**ABOUT THIS EXERCISE**
If a record contains an image, leave the image out and repeat everything else exactly.

======== RECORD EXTRACTS

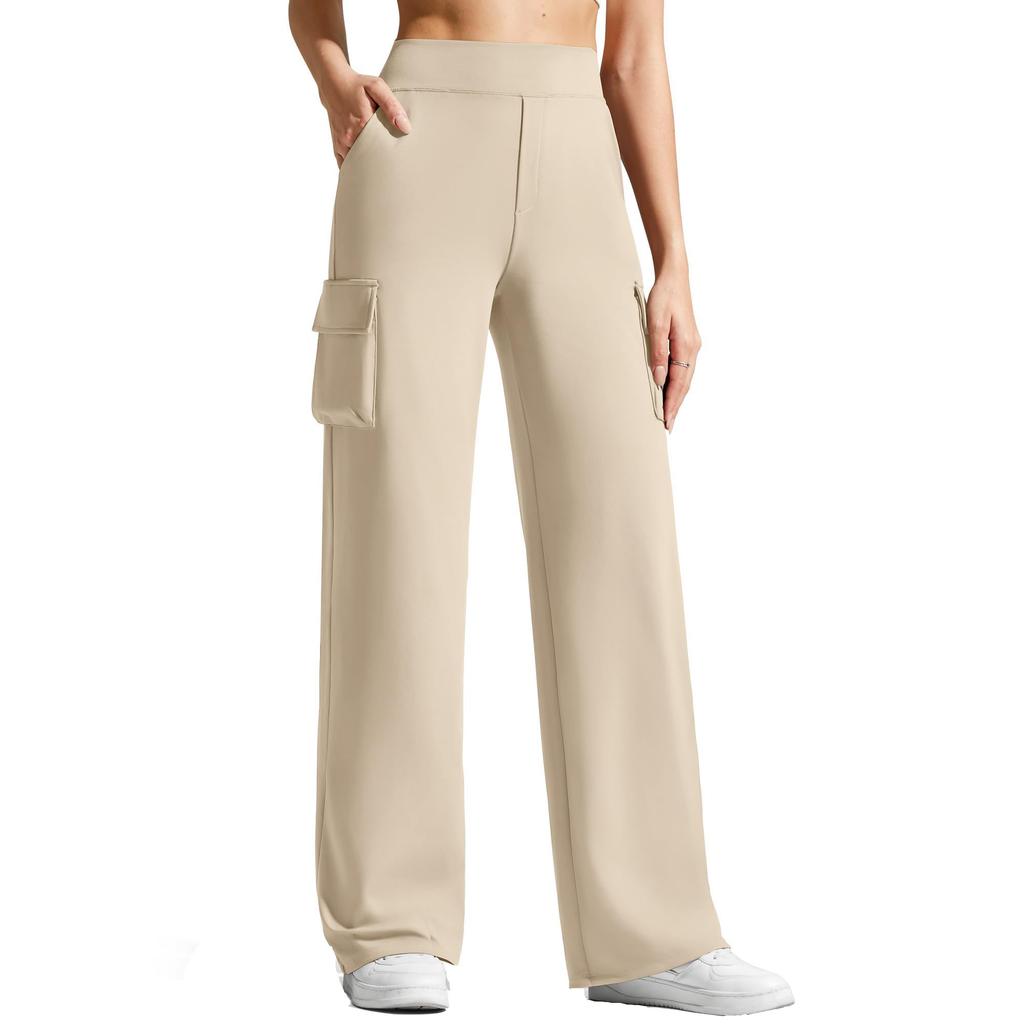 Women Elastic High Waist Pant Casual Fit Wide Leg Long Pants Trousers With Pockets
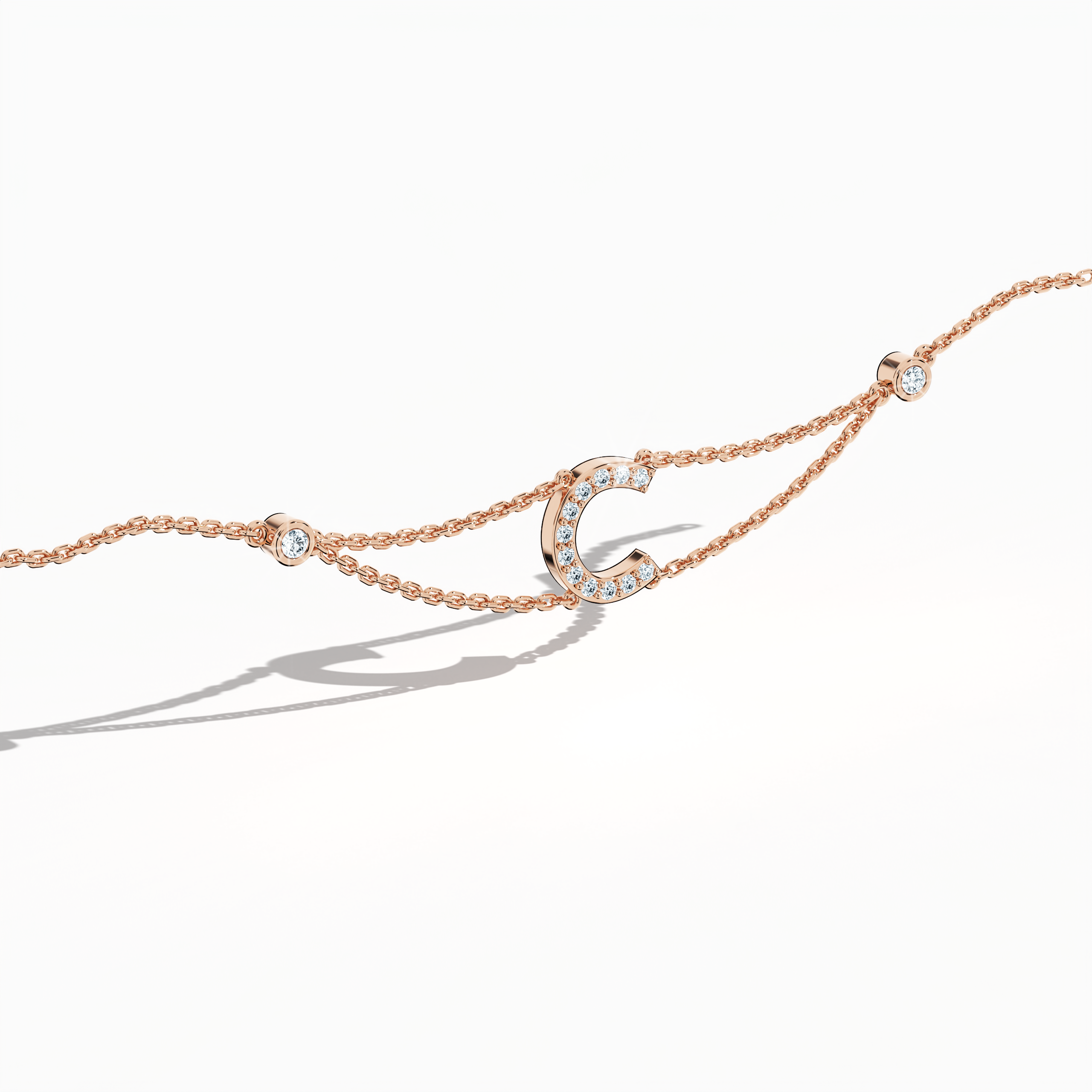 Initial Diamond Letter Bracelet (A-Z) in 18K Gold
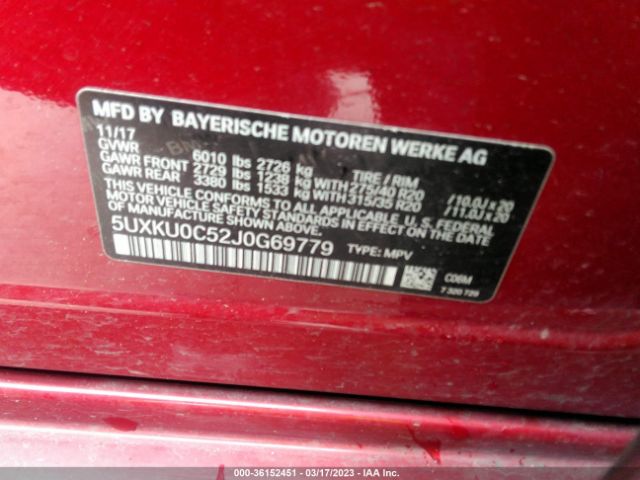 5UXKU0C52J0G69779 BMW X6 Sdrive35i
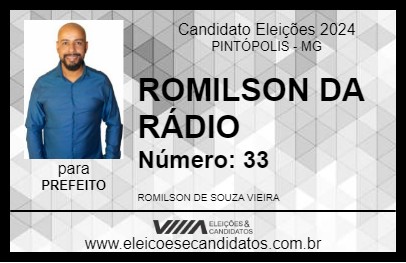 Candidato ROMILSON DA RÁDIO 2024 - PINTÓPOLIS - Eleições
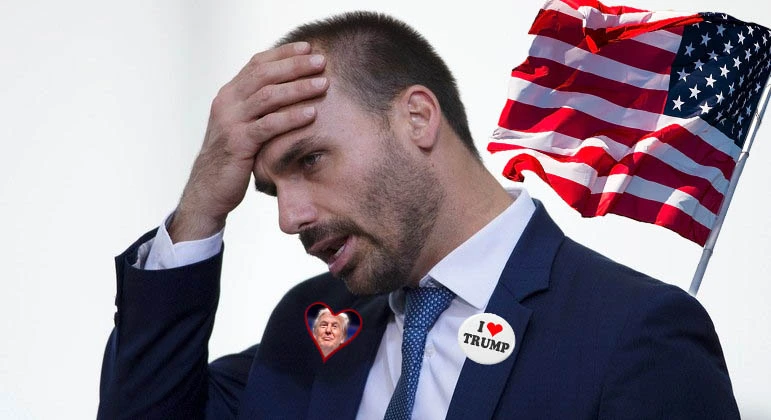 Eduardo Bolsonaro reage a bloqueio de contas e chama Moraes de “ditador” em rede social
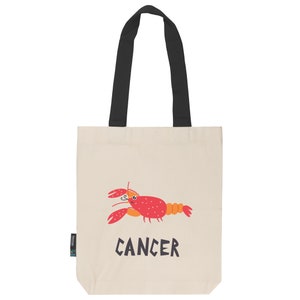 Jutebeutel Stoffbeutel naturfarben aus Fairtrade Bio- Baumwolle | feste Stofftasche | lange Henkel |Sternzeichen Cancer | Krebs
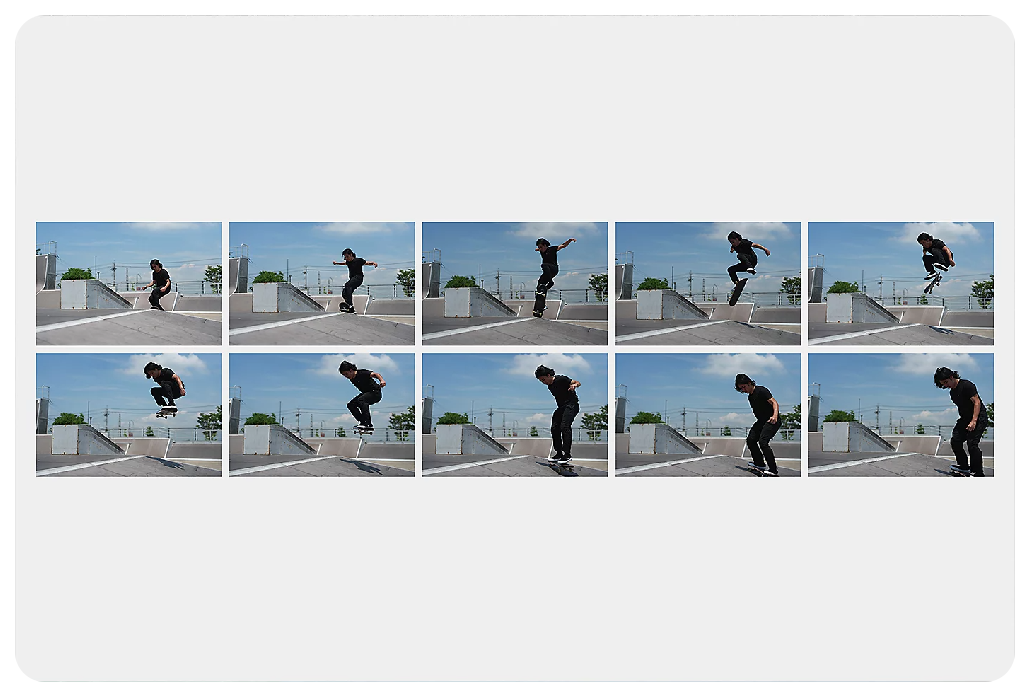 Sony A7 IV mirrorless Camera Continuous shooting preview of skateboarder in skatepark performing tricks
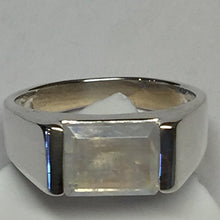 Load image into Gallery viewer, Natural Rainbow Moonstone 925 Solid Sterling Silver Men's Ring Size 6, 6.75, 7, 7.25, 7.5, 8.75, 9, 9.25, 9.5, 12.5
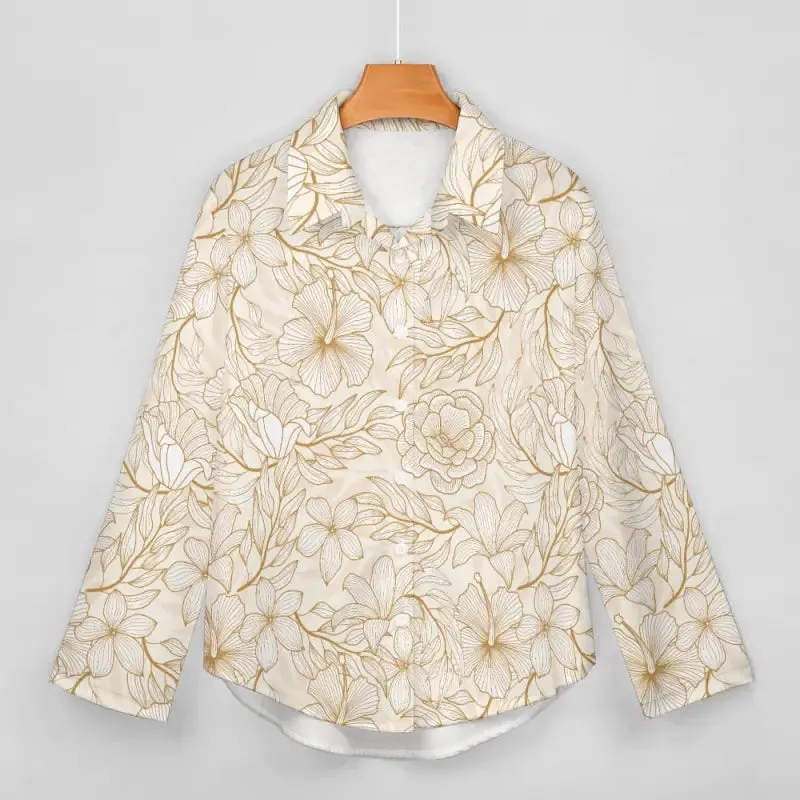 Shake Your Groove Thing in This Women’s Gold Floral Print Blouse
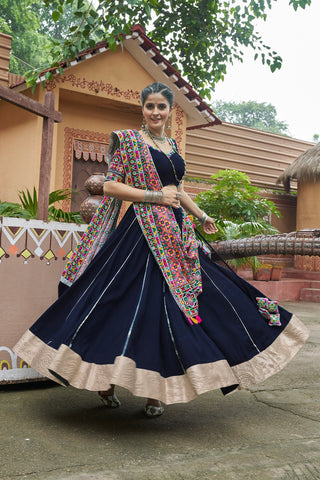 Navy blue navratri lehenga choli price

================

**TASK ANSWER**
 Women Elastic High Waist Pant Casual Fit Wide Leg Long Pants Trousers With Pockets
 Initial Diamond Letter Bracelet (A-Z) in 18K Gold
 5UXKU0C52J0G69779 BMW X6 Sdrive35i
 Candidato ROMILSON DA RÁDIO 2024 - PINTÓPOLIS - Eleições
 Eduardo Bolsonaro reage a bloqueio de contas e chama Moraes de “ditador” em rede social
 Jutebeutel Stoffbeutel naturfarben aus Fairtrade Bio- Baumwolle | feste Stofftasche | lange Henkel |Sternzeichen Cancer | Krebs
 Sony A7 IV mirrorless Camera Continuous shooting preview of skateboarder in skatepark performing tricks
 Load image into Gallery viewer, Natural Rainbow Moonstone 925 Solid Sterling Silver Men's Ring Size 6, 6.75, 7, 7.25, 7.5, 8.75, 9, 9.25, 9.5, 12.5
 Shake Your Groove Thing in This Women’s Gold Floral Print Blouse
 Navy blue navratri lehenga choli price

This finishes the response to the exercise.